Had Jeanne d'Arc lived in later times, her gift of knowing the future would probably have been celebrated rather than causing her death. In this day and age, those who exhibit supernatural gifts are no longer considered as witches, unless they label themselves as such. Today, Joan of Arc may have been considered a prophet, seer, or clairvoyant. It may have been said of her that she had second sight, a third eye, sixth sense or extra sensory perception, (ESP). Those who see into the future today are not burned at the stake, but often are misunderstood, or wrongly accused of using occult methods to obtain their information.
This is especially true when someone predicts catastrophes and they often are accused of dabbling in the dark arts. Lamentations 3:37-38 from the Easy to read Bible seems to validate the sentiments of Charles VIII regarding Joan being a messenger from God. "No one can say something and make it happen, unless the Lord orders it. God Most High commands both good and bad things to happen."
Not much is said about how all of this affected Joans parents. Its not known if they supported her visions and her mission or perhaps were embarrassed by her actions. Were they ashamed that their daughter cut off her hair, dressed as a man and went off with the all male army? Did they think her ray for insisting she was hearing the voice of God? What is known is that on November 7th 1455, at the Notre Dame Cathedral, Joan's mother Isabelle, made a passionate appeal on her daughters behalf . Here is what she is quoted as saying.

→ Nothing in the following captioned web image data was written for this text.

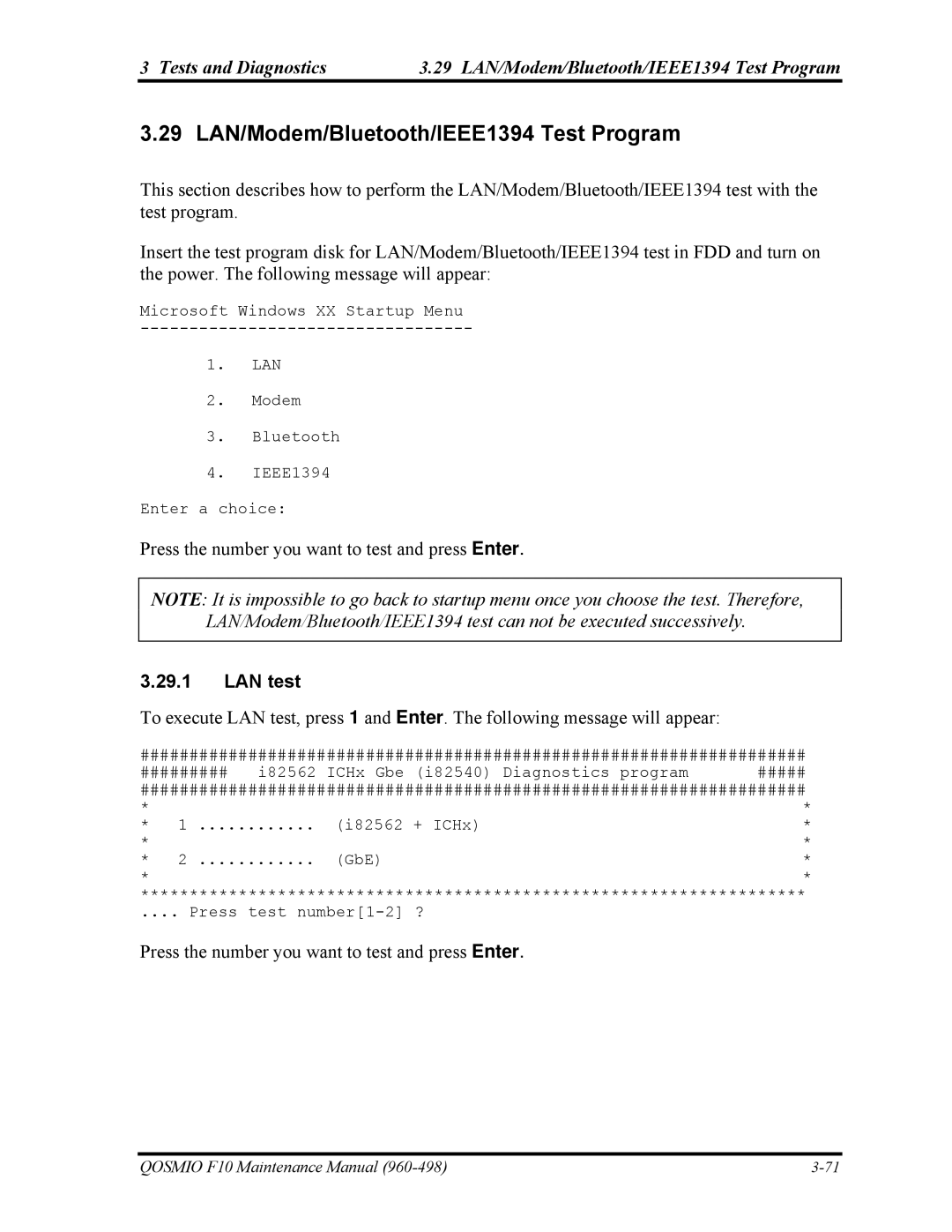 Toshiba 960-498 manual 29 LAN/Modem/Bluetooth/IEEE1394 Test Program, LAN test 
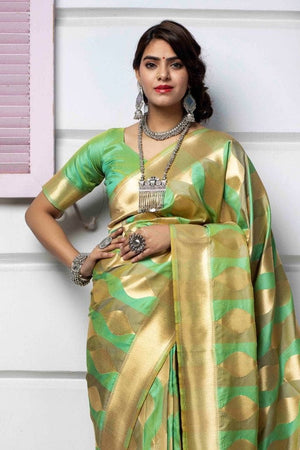 Emerald Green Banarasi Chanderi Saree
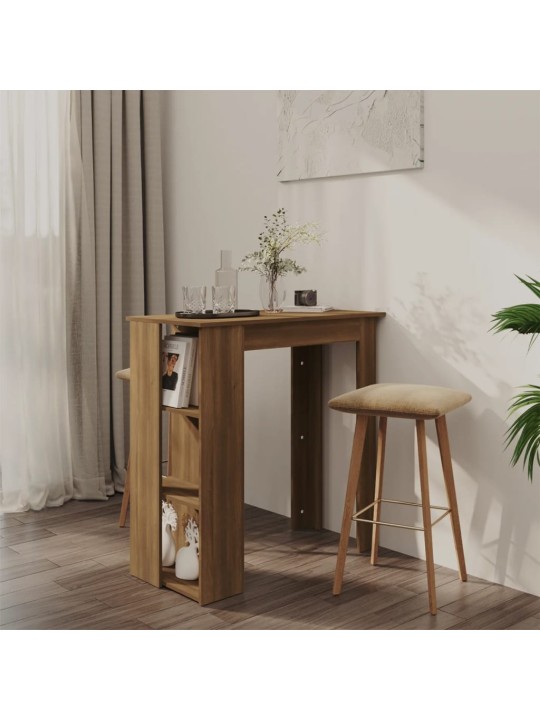 Barový stůl s regálem hnědý dub 102 x 50 x 103,5 cm kompozit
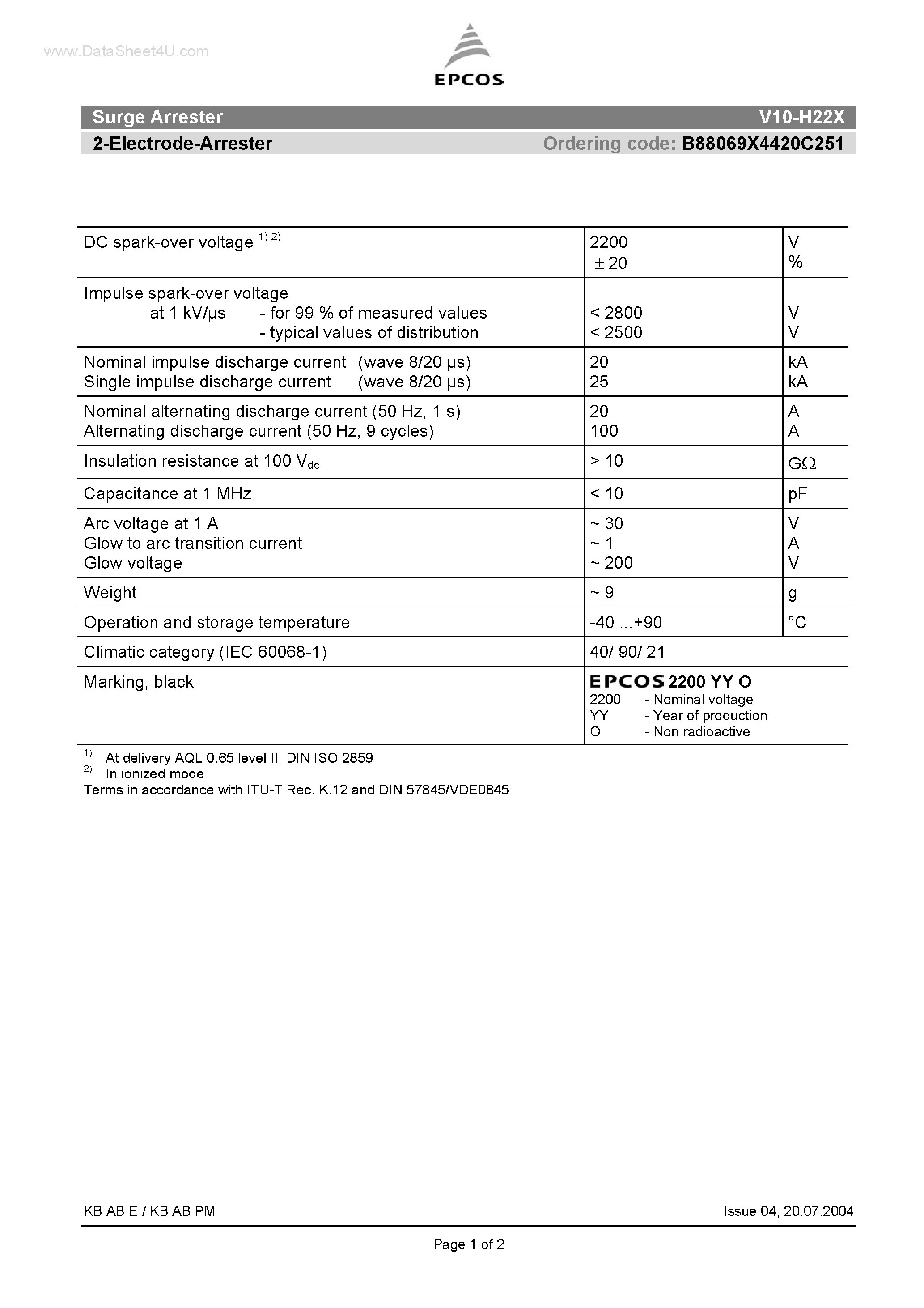 Datasheet V10-H22X - Surge Arrester 2-Electrode-Arrester page 1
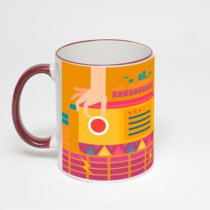 Кружка с бордовой ручкой и ободком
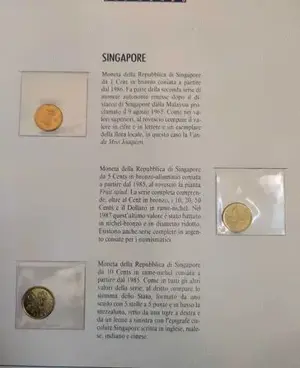 3 monede colectie Singapore 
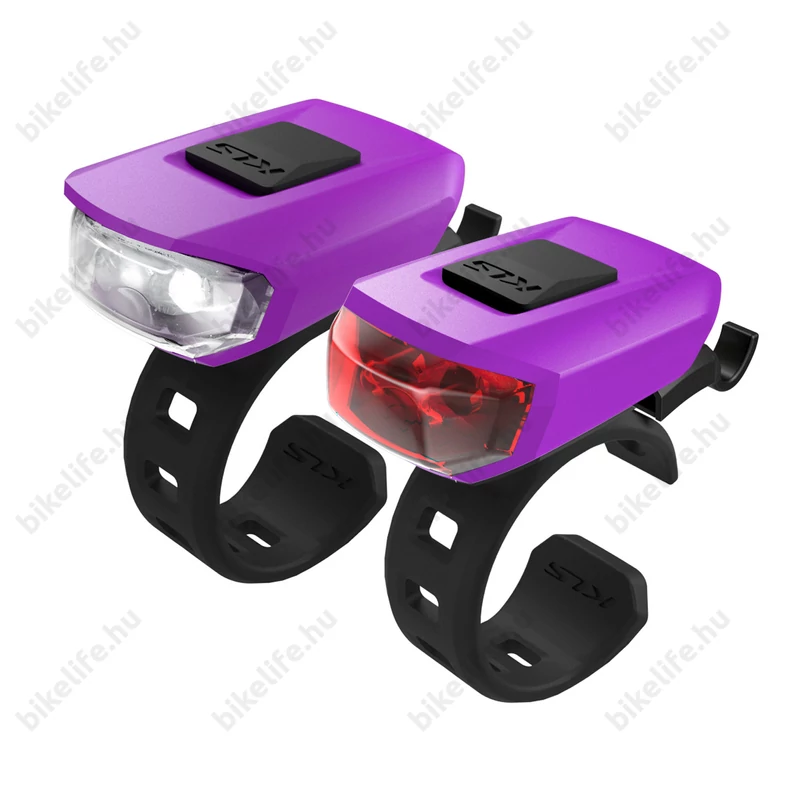 Kellys KLS Vega USB Purple akkumulátoros LED-es világítás készlet szilikonos pánttal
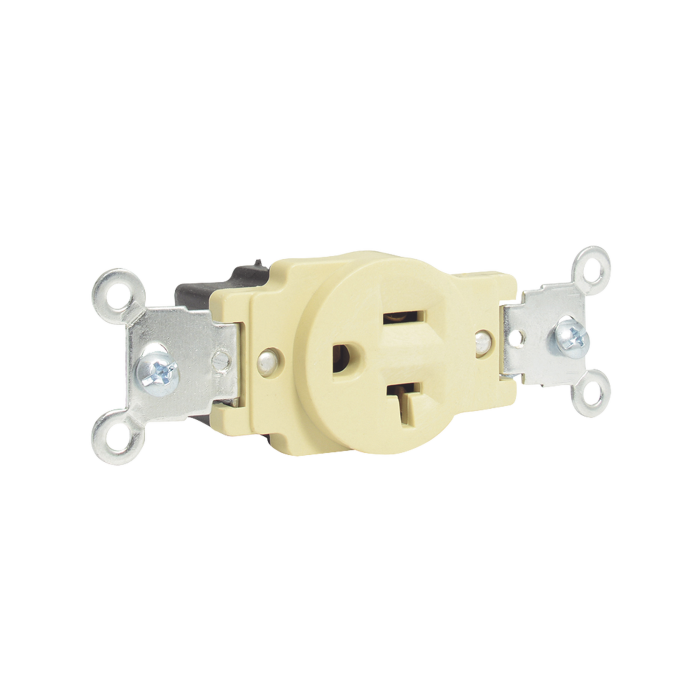 Contacto Sencillo /15 A 125V / Tapa Marfil /Base negra/ No Nema. - Image 1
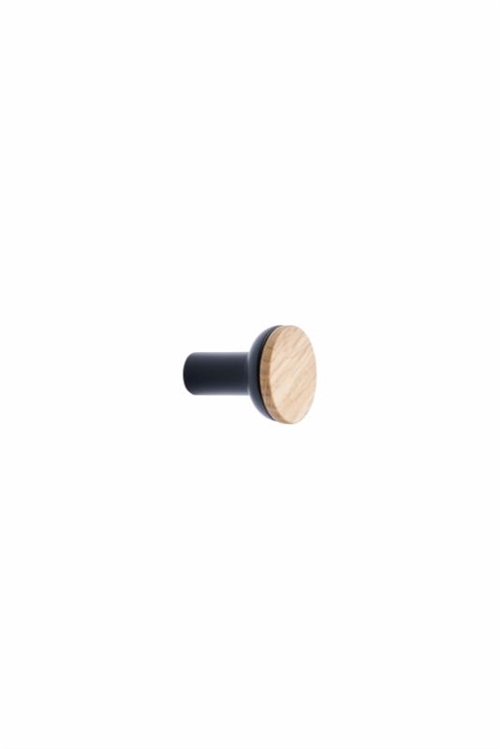 Furnipart - Bis - knop eg og zink lakeret / mat sort H:21mm Ø:24mm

"Joan's family were present, and Isabelle made an impassioned speech which began: "I had a daughter born in lawful wedlock, whom I had furnished worthily with the sacraments of baptism and confirmation and had reared in the fear of God and respect for the tradition of the Church... yet although she never did think, conceive, or do anything whatever which set her out of the path of the faith... certain enemies ... had her arraigned in religious trial... in a trial perfidious, violent, iniquitous, and without shadow of right... did they condemn her in a fashion damnable and criminal, and put her to death very cruelly by fire... for the damnation of their souls and in notorious, infamous, and irreparable damage done to me, Isabelle, and mine".
On July 7th 1456 is when the court legally declared the teenager innocent of all charges. This was a little late for her grieving family or to save her life. Legend says that after being burned at the stake, that Joan of Arc's heart remained in tact. Her executioners did not desire anyone to say a miracle had taken place so they cremated her remains twice more and threw them in the Seine river. Such a sad ending to the life of a courageous young woman. Modern day scientists indicate that it may have been more medical science, than the miraculous, but there will always be those who consider every aspect of this teenage martyrs life to have been divinely inspired.